BUA chapter 2
Cacao Bean Industry Overview
Cacao bean sources: Over 70% derives from small farms in West Africa, principally Ivory Coast and Ghana.
Child slave labor: Significant concern in cocoa production, especially in Ivory Coast where cocoa represents half of the country's exports.
Farmer's earnings: Farmers often earn below the poverty line, even with exploitative labor practices.
Commodity volatility: Cocoa prices fluctuate significantly, leading farmers to seek cost-cutting measures.
Fair Trade Movement
Definition: Fair trade programs ensure farmers in developing nations receive equitable prices for their crops.
Certification Organizations: TransFair USA certifies fair trade cocoa, promoting safe and environmentally friendly practices.
Pricing of fair trade products: Fair trade chocolate costs more (e.g., $3.49 for a fair trade candy bar vs. $1.84 for standard); higher prices due to niche marketing and demand.

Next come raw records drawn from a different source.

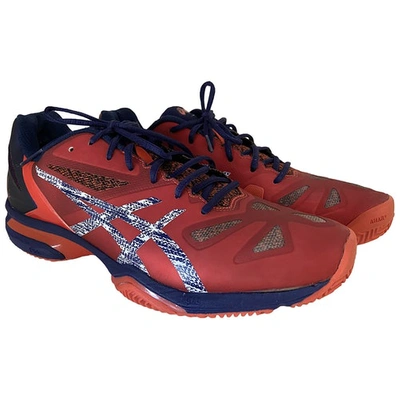 Pre-owned Asics Low Trainers In Red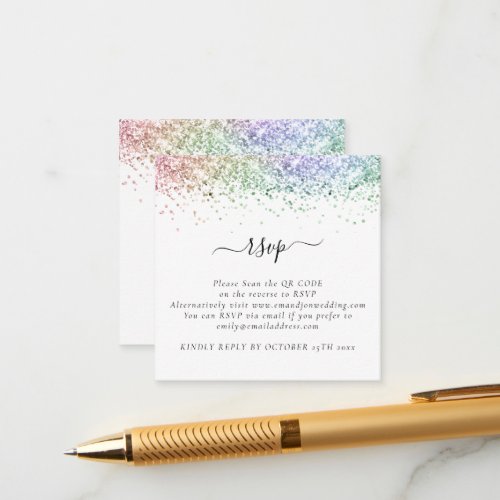 Mini Glam Rainbow Glitter QR Code Wedding RSVP Enclosure Card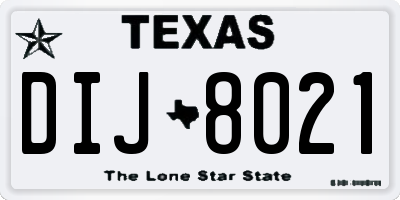 TX license plate DIJ8021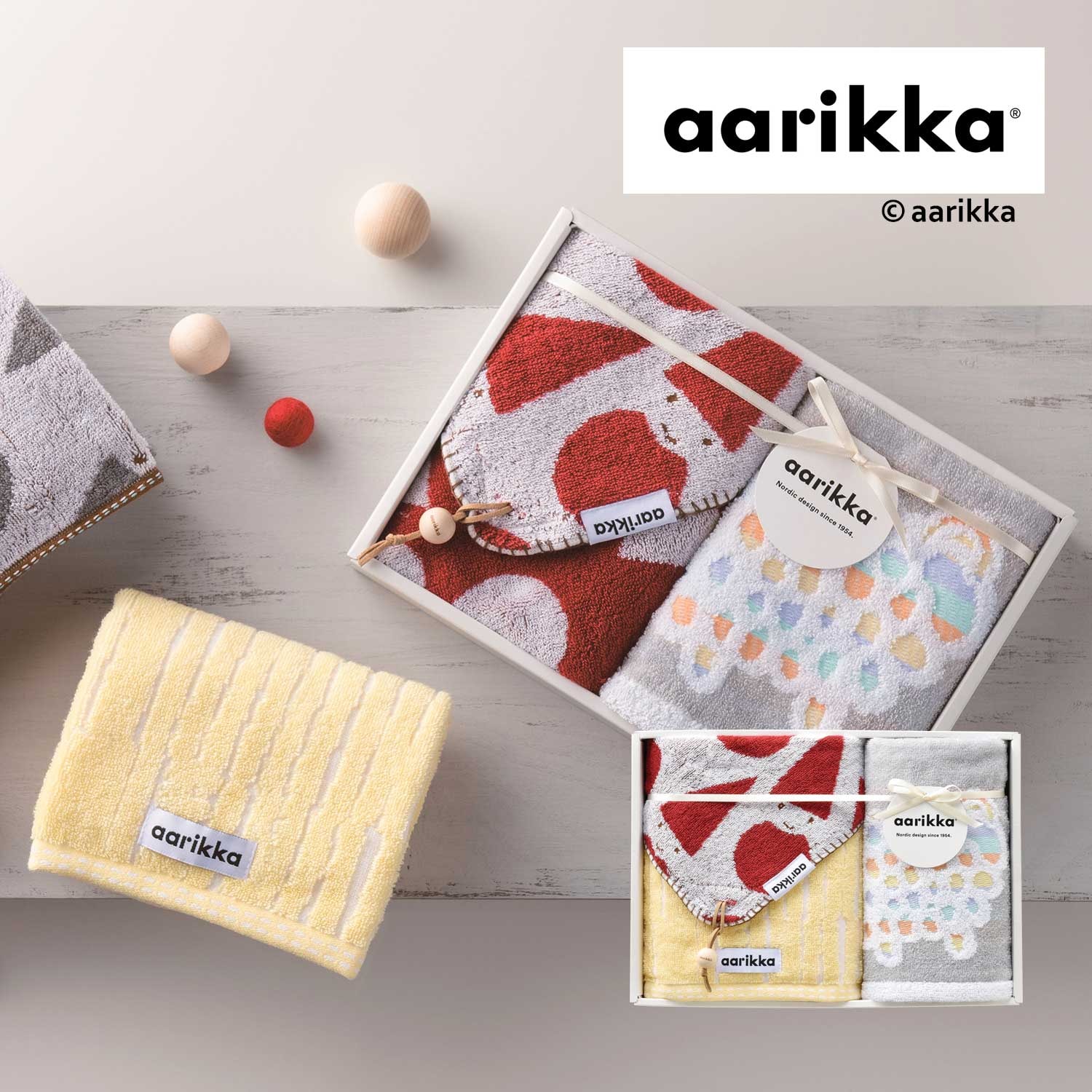 【アアリッカ/aarikka】アアリッカ フェイスタオル・ウォッシュタオル2枚セット
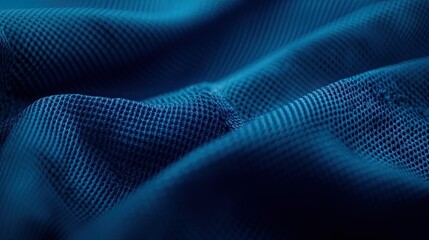Close-up of a blue football jersey fabric with breathable texture, showing detailed stitching under soft lighting.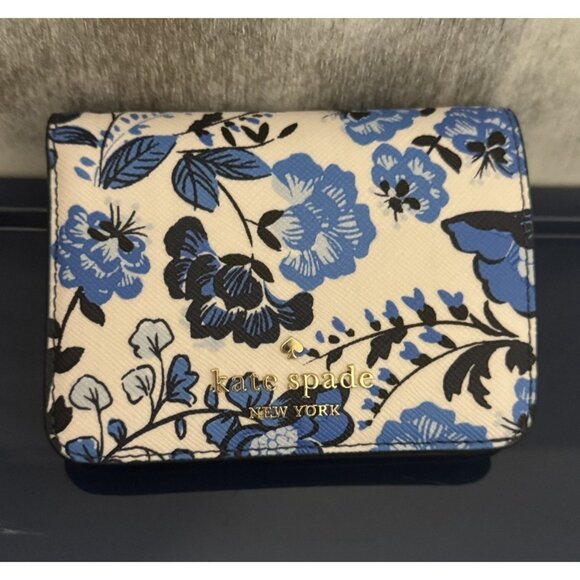 Kate Spade Madison Vase Floral Printed Med Blue White Leather Wallet - Picture 2 of 11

Supply chain profits: Critics argue that farm workers only receive a small fraction of the premium charged for fair trade products.
Ethical Considerations in Business
Ethical behavior: Defined by individual beliefs about right and wrong, influenced by societal norms.
Managerial ethics: Guide behavior in three areas: toward employees, organization, and other economic agents.
Whistleblowing: Employees reporting unethical behavior face risks, but laws protect their rights to report misconduct.
Ethics in Advertising and Consumer Responsibility
Consumer rights: Established by the Consumer Bill of Rights; includes the right to safety, information, choice, and to be heard.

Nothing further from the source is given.